Does OutSystems allow the reuse of code?

Table of contents

  1. Discovery and usage
  2. UI
  3. Business logic
  4. Database
  5. Why is code reuse better with OutSystems?

Yes. Applications built with OutSystems can share and reuse code that is made available for discovery and usage. Reusability is available at all application layers: UI, business logic and database. And, code reuse is better with OutSystems for a number of reasons.

Discovery and usage


Inside the visual model that defines an application's module, objects have a "Public" property. This property makes them available for discovery and usage in multiple applications. Here's an example of an action made public:

Public objects can be found in the development environment:

UI


At the UI level developers can expose a variety of artifacts to be reused in any other OutSystems application.

Web blocks


These reusable UI pieces have a variety of purposes:

  • Functioning as a self-contained widget with its data inputs, user interface, events and notifications. An example is a customer data summary that updates customer information, used across several pages in one or multiple applications.
  • Packaging JavaScript plus CSS functionality. An example is the Google Maps component that uses the Google Maps API to expose the ability to use maps in OutSystems applications.
  • Being used as theme layout pages with style, placeholders and functionality. For example, OutSystems built-in themes exercise this concept by exposing different layouts for different types of screens such as web, email and popup.

Themes


A theme exposes CSS. When reusing a theme, the consuming application inherits the theme style sheet, which can then be overridden locally. The OutSystems built-in themes exercise this concept.

Themes can also be built from the ground up, allowing CSS style sheets developed by your design team or digital agencies to be easily integrated.

Pages


Web screens can be exposed for reusability as a way to navigate or redirect control. An example is a common login page used by several modules in the same portal.

Business logic


Any block of business logic written with OutSystems can be reused in any other business logic function, business process orchestration, web screen, mobile screen or asynchronous job, whether the logic is being reused in the same module and application or across multiple applications.

Roles available in one application:

The roles with access to the dashboard:

The concept of roles, frequently used in logic to control user interface elements and business rules, can also be shared across multiple applications. For example, a user can be assigned a manager role, which might allow different functions in different applications, whereas from a user management stand point, it is one and the same role.

Exposing web services is also a way to share functions not only with multiple OutSystems applications, but also with external applications, which can consume these services in a de-coupled fashion.

Database


All database tables (entities) designed and deployed by OutSystems can be marked as public and therefore reused by any other applications.
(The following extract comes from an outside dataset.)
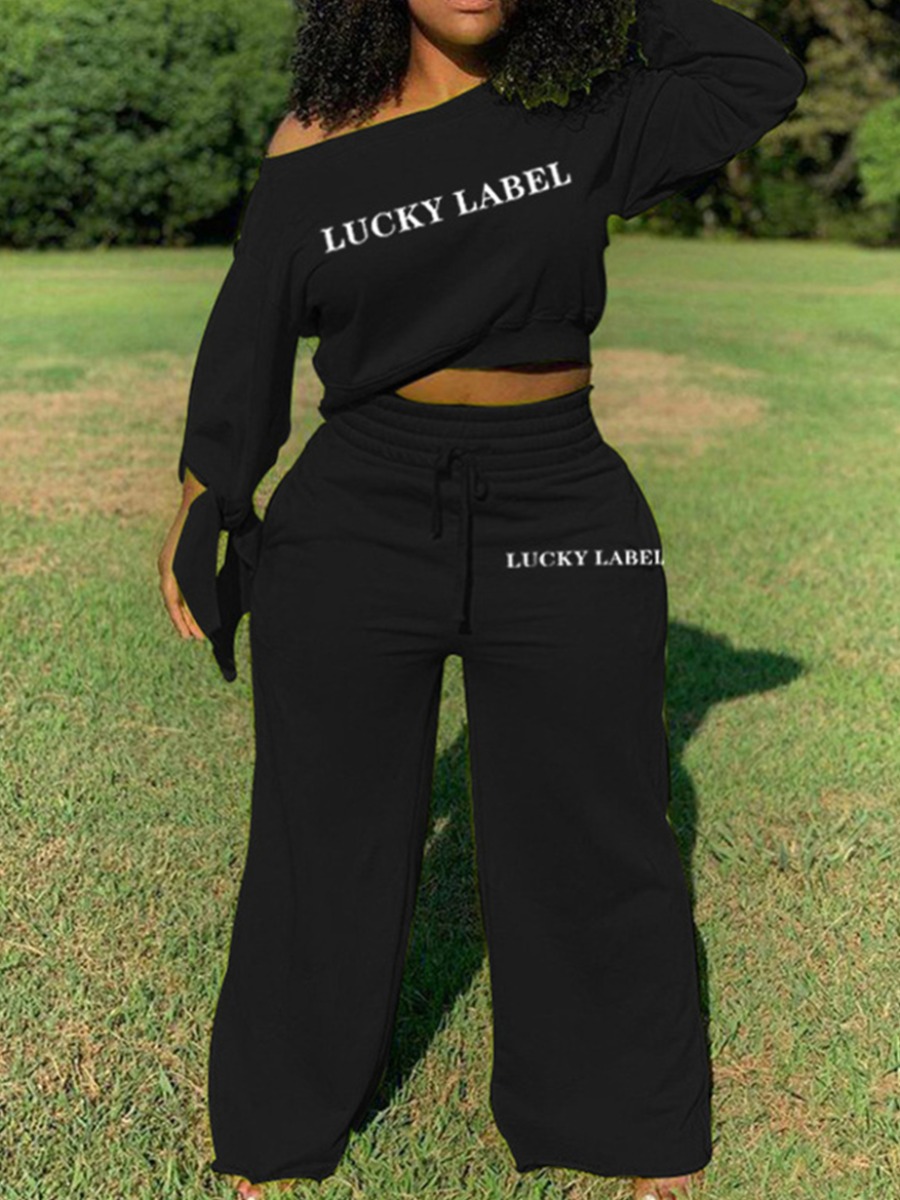 lovely Leisure Letter Print Loose Black Plus Size Two-piece Pants Set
Data can be shared as read-only, where the consuming application cannot write into the specific tables, or it can be shared with read/write access, giving the consuming application full control over the data.

For example, it is typical to have a single customer table used across multiple applications to ensure master data consistency.

A module that isolates the customer data:

Using customer data from another module:

Because OutSystems uses standard database technologies (Microsoft SQL Server, Oracle) to deploy its data schemas, on-premises installations can easily have external systems reading and writing into those databases, too. This is a scenario of sharing and reusing platform generated artifacts by external applications.

In memory data structure definition, there is also an artifact that can be shared across multiple applications to ensure consistency of auxiliary complex data types.

Why is code reuse better with OutSystems?


The OutSystems code reuse difference is that OutSystems offers governance, reports to help users understand the network of dependencies between apps, and analysis of the impact of changes.

Governance


Reusing code is great, but doing it in a controlled fashion is even better.

OutSystems can manage roles that perform certain tasks in certain environments and with certain applications. With this construct it is possible to enable which users or teams have access to the shared components exposed by each application.

Example of the developer permissions:

Example of the senior developer permissions:

Understanding the network of dependencies


In OutSystems consoles, there are reports that allow users to browse and understand the network of dependencies between apps. Different levels of granularity are available, such as dependencies between applications and between each module.

Dependency map between different applications and modules:

OutSystems is also open so developers can extend it to create additional components that provide more insight about the way applications relate to each other, such as this architecture analysis tool available on our Forge website.

Impact analysis


OutSystems provides immediate visibility of the impact of changes made to a specific module at the time of its publication. Here's an example of a dependency analysis graph:

Developers have real-time visibility of which modules or applications will be affected and might need to be fixed or simply recompiled.

Preventing a deployment due to broken references:

Publishing applications across environments not only identifies and packages all the required dependencies in terms of reused code but also analyzes the impact of promoting that code to a different environment, where different versions may already have been deployed.